How to complete this task –
None of the pictures should appear; the lines from the line containing "Juan E. Mendez" through the last line of the listing must be repeated exactly.

########

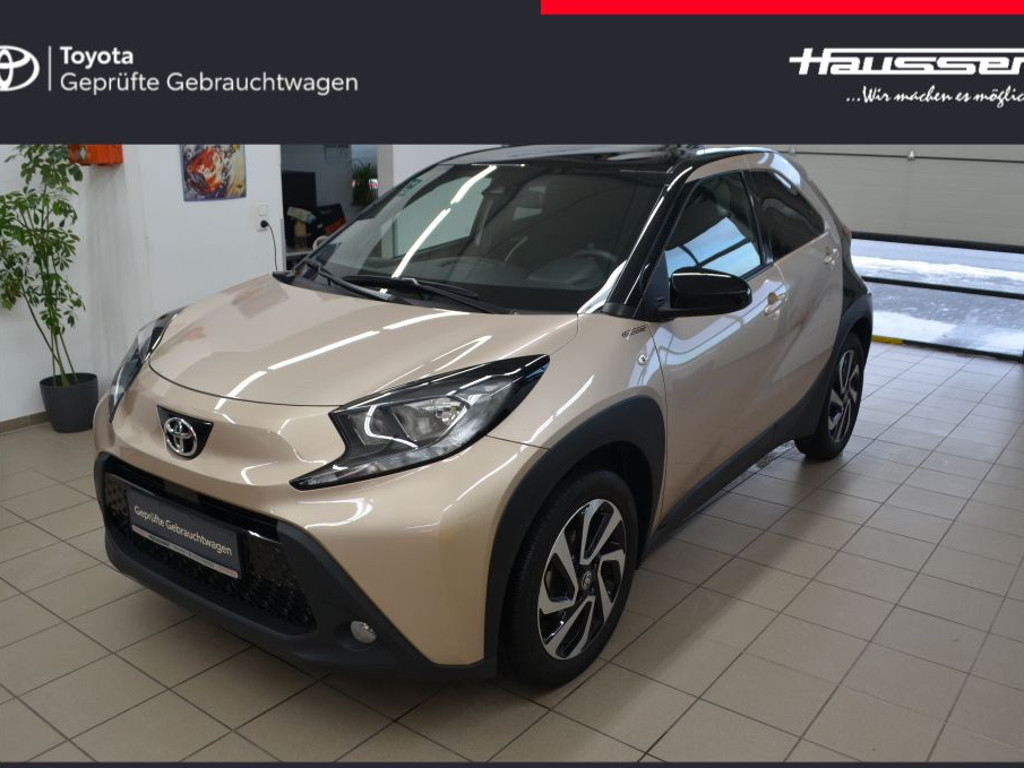 Toyota Aygo X 2023 Benzine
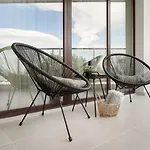 Lägenhet Stylish 1br With Sea View - Pool, & Parking I Skyline By Flat Mаnаger *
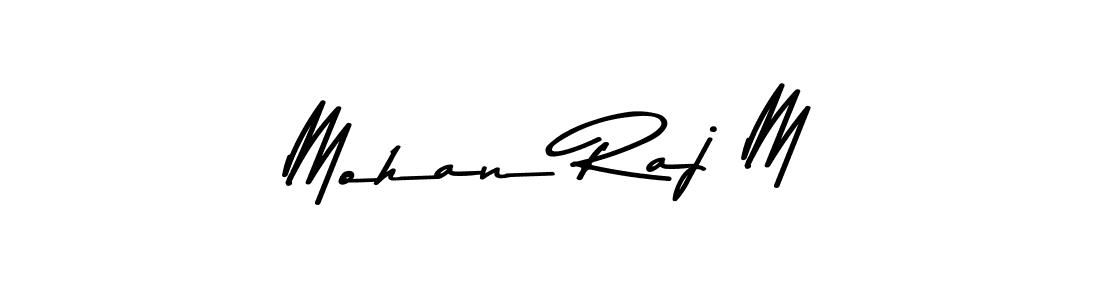 You should practise on your own different ways (Asem Kandis PERSONAL USE) to write your name (Mohan Raj M) in signature. don't let someone else do it for you. Mohan Raj M signature style 9 images and pictures png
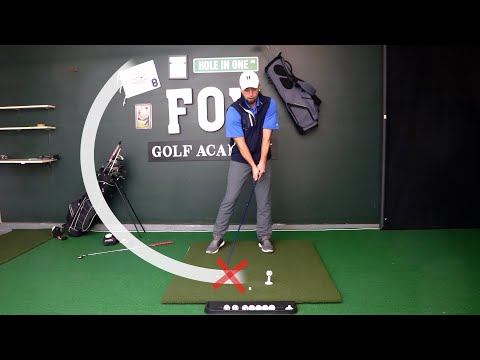 3 Golf Stance Tips for Better Strikes - Nick Foy Golf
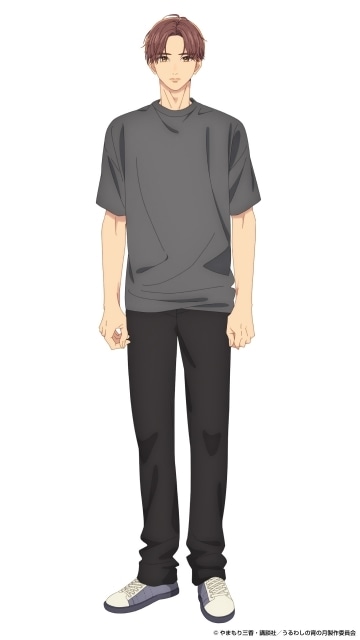 TVアニメ『うるわしの宵の月』キービジュアル・第2弾PV公開！　追加キャストに小野賢章さん、津田健次郎さんが決定-9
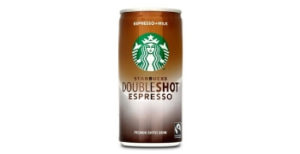 Testez gratuitement les Canettes Starbucks Doubleshot Espresso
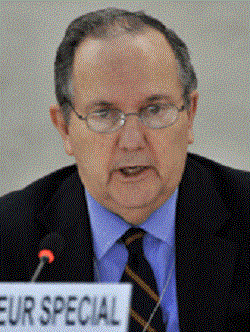 Juan E. Mendez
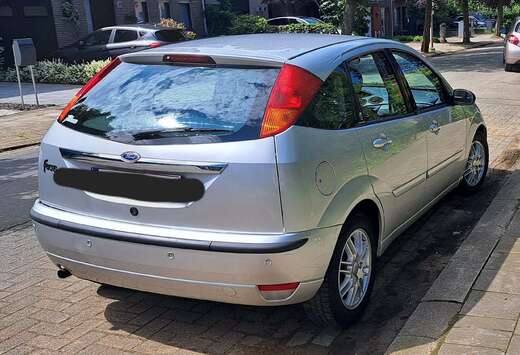 Ford Focus Ghia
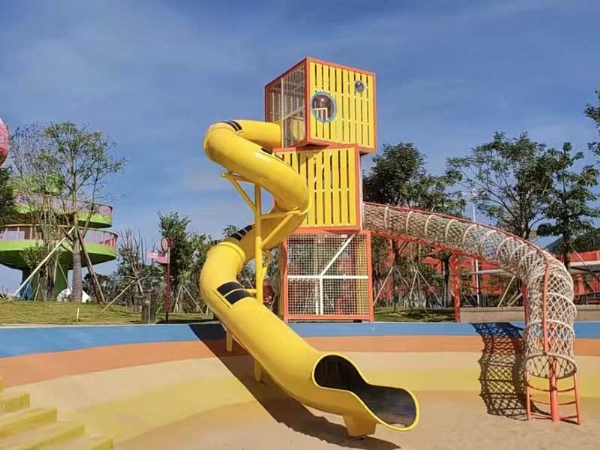 市政公园商业地产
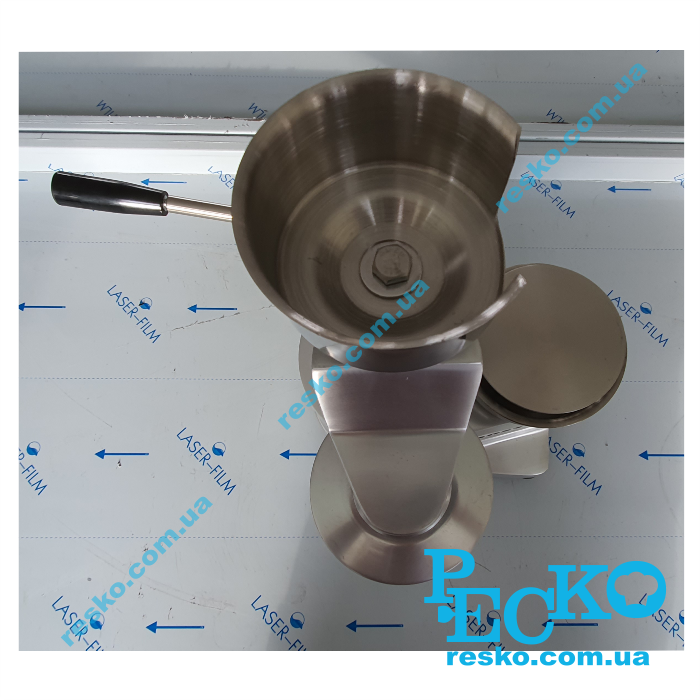 Преc для гамбургерів Frosty HM-100 ручний 10 см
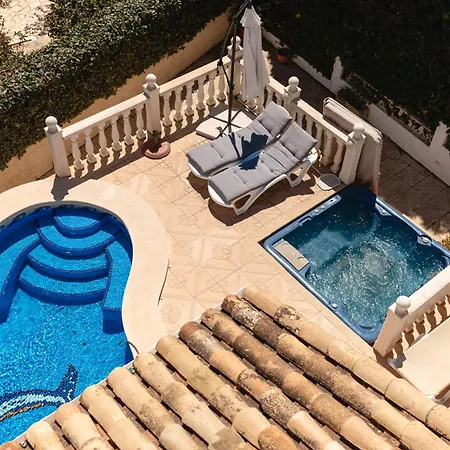 Villa Vista Ifach - Rentcar-3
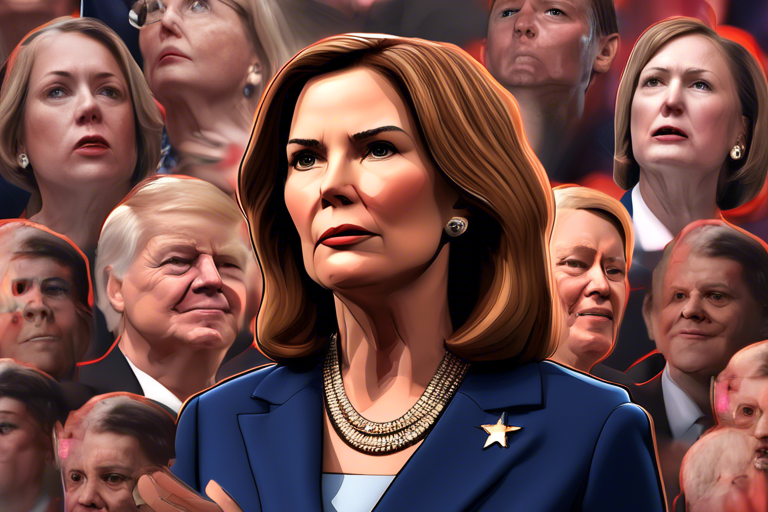 US Senator Targeted by Ripple: How Much Was Spent on Her Ouster? ?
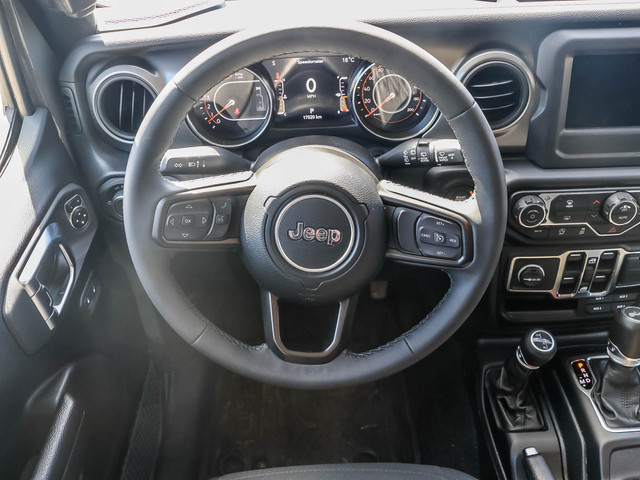 2023 Jeep Wrangler Sport in Cars & Trucks in London - Image 3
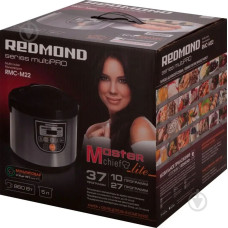 Мультиварка Redmond RMC-M22 860вт 5л 10пр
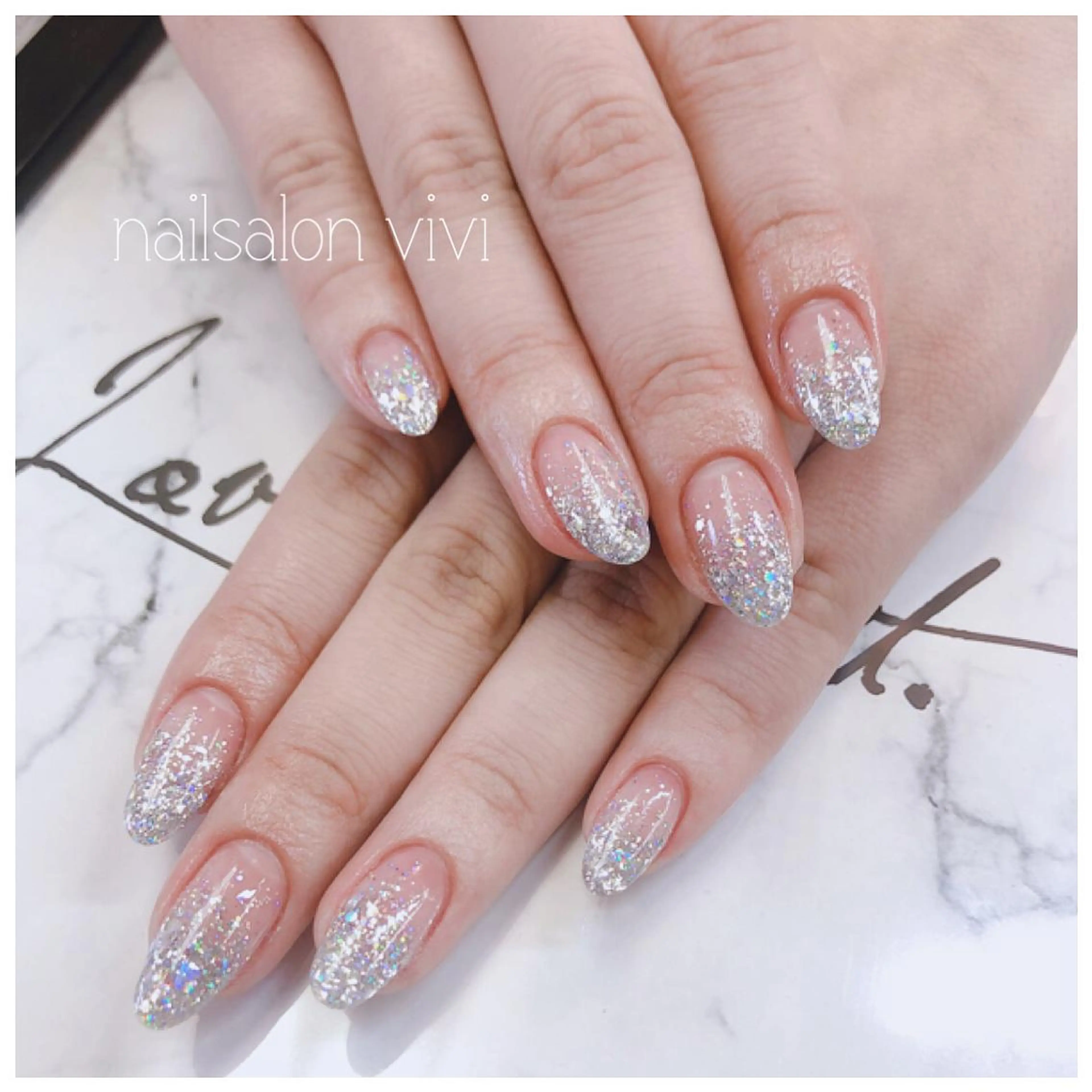 ネイル ＶＩＶＩ nailsalonのネイルデザイン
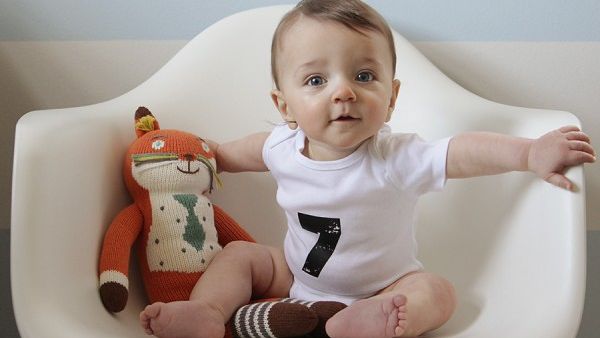 الطفل الصحي لا يعاني من الخمول والكسل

########

Answer box –
 Juan E. Mendez
 Ford Focus Ghia
 市政公园商业地产
 Преc для гамбургерів Frosty HM-100 ручний 10 см
 Villa Vista Ifach - Rentcar-3
 US Senator Targeted by Ripple: How Much Was Spent on Her Ouster? ?
 2023 Jeep Wrangler Sport in Cars & Trucks in London - Image 3
 Мультиварка Redmond RMC-M22 860вт 5л 10пр
 ネイル ＶＩＶＩ nailsalonのネイルデザイン
 الطفل الصحي لا يعاني من الخمول والكسل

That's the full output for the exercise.